How to find the difference between two slices of strings in Golang?

Tag: go Author: hsn9933 Date: 2013-09-28

Here is my desired outcome

slice1 := []string{"foo", "bar","hello"}
slice2 := []string{"foo", "bar"}

difference(slice1, slice2)
=> ["hello"]

I am looking for the difference between the two string slices!

Can we assume order of strings doesn't matter?
@ANisus I presumed that I had to compare each index with the equivalent index. Otherwise it'd involve sorting the slices, or doing a very slow comparison of every slice member to every member of the other slice. Hopefully that's all that's required!
@Intermernet Yes, my answer was with the approach that order index position doesn't matter. Of course, mine is just a simple and "stupid" loop with time O(n*m) . For larger ones, maybe some sort or map solution is better.

Best Answer

Depending on the size of the slices, different solutions might be best.

My answer assumes order doesn't matter.

Using simple loops, only to be used with smaller slices:

package main

import "fmt"

func difference(slice1 []string, slice2 []string) []string {
    var diff []string

    // Loop two times, first to find slice1 strings not in slice2,
    // second loop to find slice2 strings not in slice1
    for i := 0; i < 2; i++ {
        for _, s1 := range slice1 {
            found := false
            for _, s2 := range slice2 {
                if s1 == s2 {
                    found = true
                    break
                }
            }
            // String not found. We add it to return slice
            if !found {
                diff = append(diff, s1)
            }
        }
        // Swap the slices, only if it was the first loop
        if i == 0 {
            slice1, slice2 = slice2, slice1
        }
    }

    return diff
}

func main() {
    slice1 := []string{"foo", "bar", "hello"}
    slice2 := []string{"foo", "world", "bar", "foo"}

    fmt.Printf("%+v\n", difference(slice1, slice2))
}

Output:

[hello world]

Playground: http://play.golang.org/p/KHTmJcR4rg

comments:

I just noticed that if you do something like slice1 := []string{"foo"} slice2 := []string{"foo", "foo"} you don't get any difference.
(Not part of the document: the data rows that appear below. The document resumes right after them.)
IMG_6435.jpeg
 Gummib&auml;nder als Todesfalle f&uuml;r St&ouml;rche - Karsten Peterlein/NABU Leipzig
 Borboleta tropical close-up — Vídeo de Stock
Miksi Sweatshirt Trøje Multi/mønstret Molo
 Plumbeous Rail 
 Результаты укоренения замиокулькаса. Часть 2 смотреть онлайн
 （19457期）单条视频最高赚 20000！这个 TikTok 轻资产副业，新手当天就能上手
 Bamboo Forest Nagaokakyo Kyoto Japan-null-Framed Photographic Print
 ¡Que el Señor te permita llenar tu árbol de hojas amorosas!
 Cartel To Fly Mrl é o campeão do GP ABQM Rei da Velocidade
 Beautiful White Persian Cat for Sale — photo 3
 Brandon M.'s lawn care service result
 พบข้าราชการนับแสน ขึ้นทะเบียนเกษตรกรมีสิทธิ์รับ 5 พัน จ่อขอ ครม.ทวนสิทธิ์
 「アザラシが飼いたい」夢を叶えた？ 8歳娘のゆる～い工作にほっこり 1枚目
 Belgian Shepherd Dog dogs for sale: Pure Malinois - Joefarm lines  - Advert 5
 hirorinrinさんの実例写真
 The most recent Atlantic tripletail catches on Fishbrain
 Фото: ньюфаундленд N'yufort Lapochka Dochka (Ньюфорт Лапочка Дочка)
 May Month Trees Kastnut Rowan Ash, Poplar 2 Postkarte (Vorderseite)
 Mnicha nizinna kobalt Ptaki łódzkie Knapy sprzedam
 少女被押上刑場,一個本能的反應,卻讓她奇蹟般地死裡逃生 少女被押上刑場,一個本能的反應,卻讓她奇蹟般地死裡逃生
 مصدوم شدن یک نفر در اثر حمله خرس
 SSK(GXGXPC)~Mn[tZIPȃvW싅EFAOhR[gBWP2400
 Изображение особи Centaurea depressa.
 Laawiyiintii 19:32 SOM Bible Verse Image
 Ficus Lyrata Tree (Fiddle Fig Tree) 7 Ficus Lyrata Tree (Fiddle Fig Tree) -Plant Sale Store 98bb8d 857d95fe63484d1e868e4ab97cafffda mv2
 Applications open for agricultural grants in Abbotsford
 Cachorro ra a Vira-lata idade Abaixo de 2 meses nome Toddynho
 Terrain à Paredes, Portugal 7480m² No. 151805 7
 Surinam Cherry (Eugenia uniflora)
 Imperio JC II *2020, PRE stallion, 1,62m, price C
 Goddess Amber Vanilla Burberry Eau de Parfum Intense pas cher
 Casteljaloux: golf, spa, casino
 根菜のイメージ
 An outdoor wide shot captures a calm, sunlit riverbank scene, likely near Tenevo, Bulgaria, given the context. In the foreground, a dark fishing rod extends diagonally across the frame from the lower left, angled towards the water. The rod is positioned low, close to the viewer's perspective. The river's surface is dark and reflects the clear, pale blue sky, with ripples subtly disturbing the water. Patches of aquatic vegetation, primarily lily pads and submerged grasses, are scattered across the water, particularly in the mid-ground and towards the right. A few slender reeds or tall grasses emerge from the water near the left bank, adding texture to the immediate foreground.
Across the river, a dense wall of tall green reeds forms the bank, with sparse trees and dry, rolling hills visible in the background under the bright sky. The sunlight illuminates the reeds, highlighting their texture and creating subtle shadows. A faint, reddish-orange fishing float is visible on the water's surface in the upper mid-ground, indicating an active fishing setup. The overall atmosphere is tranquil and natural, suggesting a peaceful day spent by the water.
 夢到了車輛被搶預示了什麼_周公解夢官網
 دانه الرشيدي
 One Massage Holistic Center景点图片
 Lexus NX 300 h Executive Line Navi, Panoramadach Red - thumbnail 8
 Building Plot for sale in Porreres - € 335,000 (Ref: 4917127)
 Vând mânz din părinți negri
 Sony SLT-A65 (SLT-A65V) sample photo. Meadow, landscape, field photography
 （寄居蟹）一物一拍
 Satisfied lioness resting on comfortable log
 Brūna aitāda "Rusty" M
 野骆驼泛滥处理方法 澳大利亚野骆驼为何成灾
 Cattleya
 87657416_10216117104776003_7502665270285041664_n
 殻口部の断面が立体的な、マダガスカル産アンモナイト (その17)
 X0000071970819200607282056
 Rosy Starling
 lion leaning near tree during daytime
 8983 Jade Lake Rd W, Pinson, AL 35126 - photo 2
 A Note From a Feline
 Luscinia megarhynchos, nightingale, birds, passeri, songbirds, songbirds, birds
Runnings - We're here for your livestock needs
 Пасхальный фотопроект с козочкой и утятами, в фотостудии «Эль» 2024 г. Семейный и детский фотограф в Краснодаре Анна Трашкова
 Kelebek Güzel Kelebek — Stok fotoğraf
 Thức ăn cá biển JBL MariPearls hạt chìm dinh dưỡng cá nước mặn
I wish we had some more direction on the finer points of what constitutes a "difference'! Is it data + index, just data, or unique data? Anyway, very nice answer.
@Intermernet In my example, I intentionally added two "foo" in the second slice just to make it clear on how the function behaves in such cases. But yeah, both our answers are correct depending on how OP defines "difference".
Yes I noticed, that was what triggered my thought, and I'm glad that you're illustrating the fact in the example. It's interesting how such a seemingly simple question involves so many caveats :-) Maybe we'll get some elucidation from the OP!

Other Answer1

As mentioned by ANisus, different approaches will suit different sizes of input slices. This solution will work in linear time O(n) independent of input size, but assumes that the "equality" includes index position.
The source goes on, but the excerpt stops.